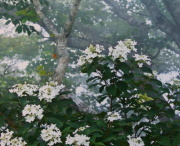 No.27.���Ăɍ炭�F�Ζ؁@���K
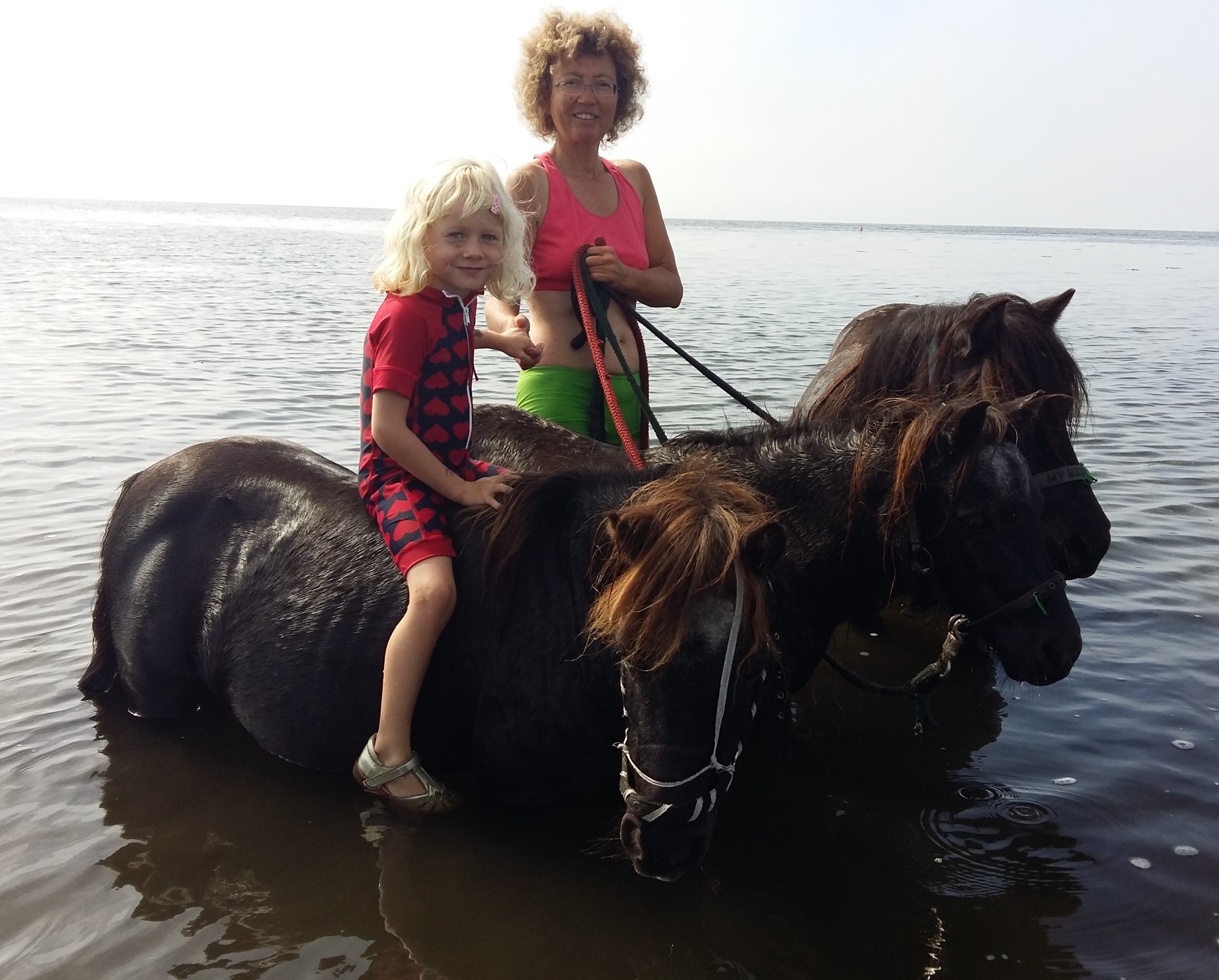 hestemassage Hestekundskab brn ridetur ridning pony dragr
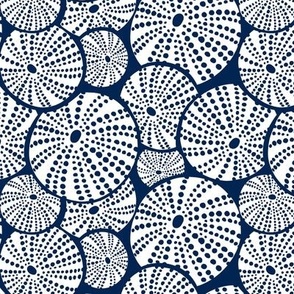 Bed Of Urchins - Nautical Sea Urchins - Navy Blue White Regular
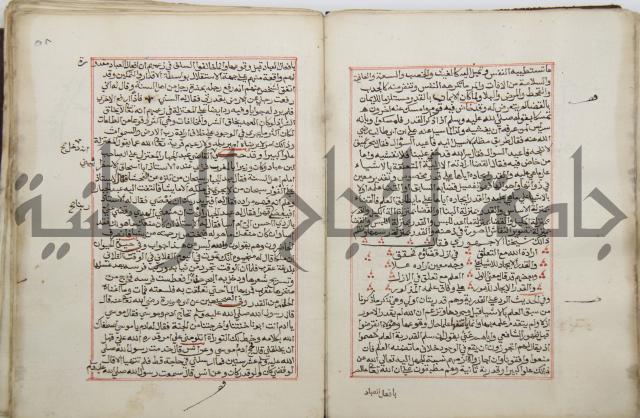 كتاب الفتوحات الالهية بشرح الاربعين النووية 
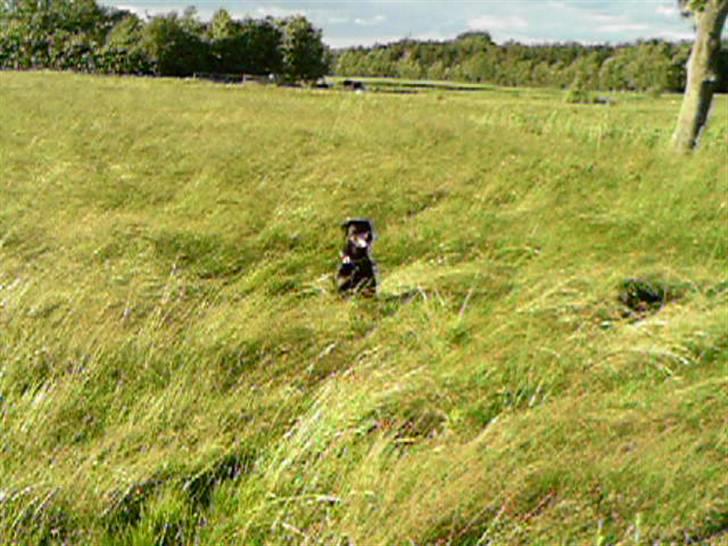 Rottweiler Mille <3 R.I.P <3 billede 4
────────────────────
• [What the task asks]:
Keep the pictures out and transcribe the listing exactly.

• [Solution to this problem]:
 No.27.���Ăɍ炭�F�Ζ؁@���K
 hestemassage Hestekundskab brn ridetur ridning pony dragr
 Bed Of Urchins - Nautical Sea Urchins - Navy Blue White Regular
 كتاب الفتوحات الالهية بشرح الاربعين النووية 
 Rottweiler Mille <3 R.I.P <3 billede 4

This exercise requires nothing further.